Bots often produce high-frequency, repetitive actions, while normal users generally produce fewer actions at irregular intervals.
Bot filtering is essential to ensure the integrity and quality of web traffic data. Bots, or non-human interactions, can inflate metrics like page views, clicks, and sessions, leading to inaccurate analytics and poor decision-making. In Adobe Experience Platform, bot filtering can be implemented using SQL within the Query Service, enabling automated detection and filtering of bot-like activity from clickstream data.
Allowing bot activity to infiltrate the Real-Time Customer Data Platform (CDP) or Customer Journey Analytics can significantly degrade the quality and reliability of insights. Bots can generate large volumes of fake interactions, diluting the data used to segment audiences, personalize experiences, and trigger automated actions. This contamination can lead to inaccurate customer profiles, where bots are mistakenly treated as real customers, impacting everything from marketing spend to product recommendations.
Moreover, inflated metrics from bot traffic can lead to incorrect entitlement calculations, potentially resulting in over-licensing issues, which affects cost efficiency. In environments where businesses are charged based on active users or usage volume, bot-induced data can escalate costs, consuming resources allocated for real customers. Overall, bot contamination in a CDP undermines the platform's ability to deliver accurate, actionable insights, compromising the effectiveness of customer engagement strategies and reducing return on investment in marketing and analytics platforms.
However, keeping a copy of bot data on the data lake can be beneficial for several reasons. First, retaining bot data enables teams to continuously refine and improve bot-detection algorithms. By analyzing historical bot behavior, data scientists and engineers can identify evolving patterns and adapt filtering rules, which can enhance future bot filtering and maintain data integrity in real-time analytics environments. Additionally, bot data can serve as a valuable training dataset for machine learning models, which can distinguish between bot and human behavior more accurately over time. For security and compliance teams, archived bot data can provide insights into potential malicious activities, allowing for faster responses to threats and better protection measures. Storing bot data on the data lake also supports compliance, enabling organizations to audit and track how they manage non-human interactions if required. Therefore, while it’s important to filter bot data from production datasets to maintain accurate customer insights, keeping an archived copy on the data lake provides value across analytics, security, and compliance domains.
A decision tree is a supervised machine learning algorithm used for classification and regression tasks. It operates by recursively splitting data into subsets based on the feature values that provide the best separation. Each internal node represents a decision on a feature, each branch represents the outcome of the decision, and each leaf node represents a final class label or prediction.The algorithm aims to find the most informative features to split the data, maximizing the purity (homogeneity) of the resulting subsets. Popular metrics for these splits include Gini Impurity, Entropy, and Information Gain.

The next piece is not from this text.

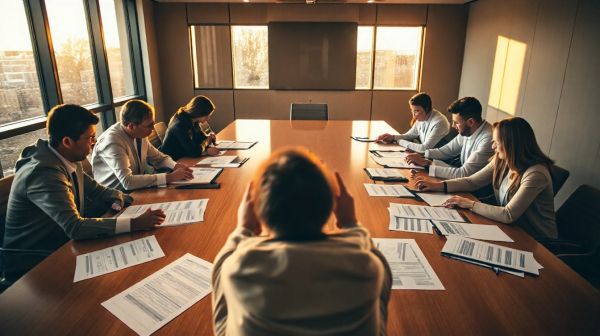 Techniques avancées de management pour renforcer organisation et leadership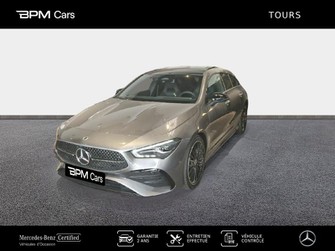 Photo Mercedes  CLA Shooting Brake 200 d 150ch AMG Line 8G-DCT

Key Characteristics of Decision Trees:
Simple and Intuitive: Easy to visualize and interpret.
Handles Nonlinear Data: Captures complex relationships between features and labels without requiring feature scaling.

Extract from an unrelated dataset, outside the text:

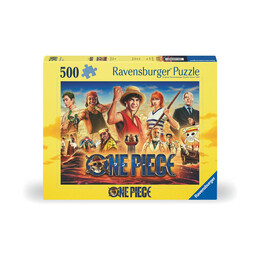 Ravensburger Puzzle: one Piece (500 Pcs) (12001499)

Rule-Based: The hierarchical structure maps directly to logical rules, making them interpretable for domain-specific tasks.

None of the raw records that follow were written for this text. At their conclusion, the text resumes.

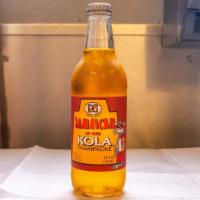 Jamaican Beverages · Pineapple Ginger, Pineapple, Ginger Beer,  Kola, Grapefruit Ting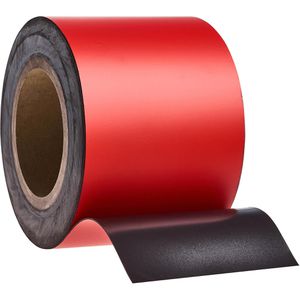 Produktbild für Magnetband Böttcher-AG rot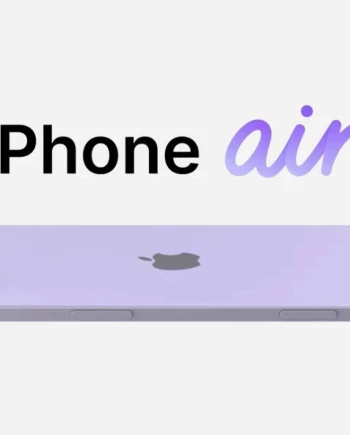 iPhone 17 Air, seulement 5&nbsp;mm d’épaisseur&nbsp;?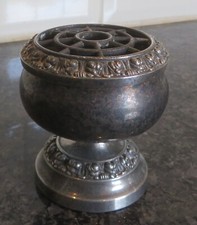 Vintage ianthe silver plate - ianthe,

Bot detection typically involves identifying patterns of behavior that distinguish bots from real users. Decision trees are well-suited for this task for several reasons:
Ability to Handle Mixed Data: Bot detection often involves both numerical features (e.g., counts of actions per interval) and categorical features (e.g., action types). Decision trees can natively handle both types of data without requiring feature transformations.
Explainability: A decision tree provides clear, rule-based decisions that can be interpreted easily. For example, a rule like "If actions in 1 minute > 60 AND actions in 30 minutes < 500, then it's a bot" aligns with how bots exhibit distinct patterns in clickstream data.
Effective Feature Selection: In bot detection, not all features are equally important. Decision trees prioritize the most informative features, such as the frequency and intensity of actions. This makes them efficient for identifying bots based on behavioral thresholds.
Handles Nonlinear Relationships: Bots often exhibit nonlinear patterns in their behavior, such as a sudden spike in activity over a short interval. Decision trees can effectively model such relationships, unlike linear models that assume a straight-line relationship.
Adaptability to Imbalanced Data: While imbalanced data is a challenge for most algorithms, decision trees can mitigate this by prioritizing splits that maximize purity (e.g., separating bots from non-bots).
Suitability for Rule-Based Domains: In contexts like bot detection, domain experts often have predefined rules or thresholds. Decision trees align naturally with such rule-based systems, allowing experts to validate or refine the model.
For a dataset with features like:
count_1_min: Actions in 1-minute intervals.
count_5_mins: Actions in 5-minute intervals.
count_30_mins: Actions in 30-minute intervals.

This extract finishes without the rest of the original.